I made a video about my latest trip to Martinqiue

Reactions: Like 15 | Love 3 | Award 1 | Winner 1


----------



## crystalfreakkk (Aug 3, 2018)

THIS IS SO COOL! I would love to go to South America to see tarantulas in their natural habitat. What an awesome experience. The bit at the end where the larger T eats the smaller one is wild, so cool you caught it on video.


----------



## AphonopelmaTX (Aug 5, 2018)

Fantastic video!  I love seeing arboreal tarantulas in nature.


----------



## BoyFromLA (Aug 5, 2018)

I loved it so much. Thank you for sharing the video.


----------



## tewebag (Aug 6, 2018)

Poor little hungry T's.  They really wanted to eat those sticks.


----------



## Kumalo (Aug 20, 2018)

Here is a link to the full article of my field trip:

http://www.kumalo.de/index.php/en/countries-en/martinique-en

Reactions: Like 4


----------



## Mirandarachnid (Aug 22, 2018)

tewebag said:


> Poor little hungry T's.  They really wanted to eat those sticks.

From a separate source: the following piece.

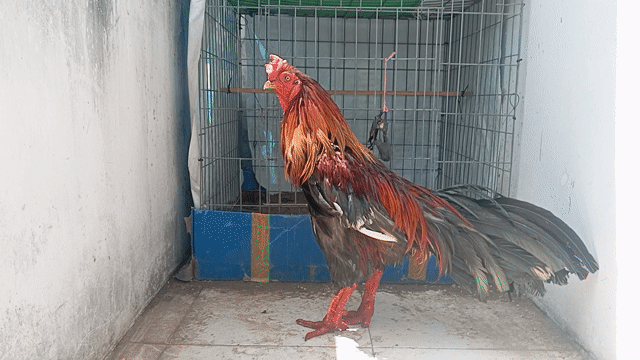 nọc xanh cán bắt răng cưa 8móng đen trạng 4kg4. Mua bán Gà tại Quận 8 Tp Hồ Chí Minh được đăng bởi phương  cán đẹp hình 1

I knoooow, I just wanted to shower them in crickets 

VERY cool video though, thanks for sharing!


----------



## viper69 (Sep 9, 2018)

This is a great video. @CEC and @EulersK thought you guys would like too.

@Kumalo thank you so much for posting this video, very nice.

Reactions: Like 1


----------



## ThisMeansWAR (Sep 18, 2018)

Amazing video, thank you for sharing!


----------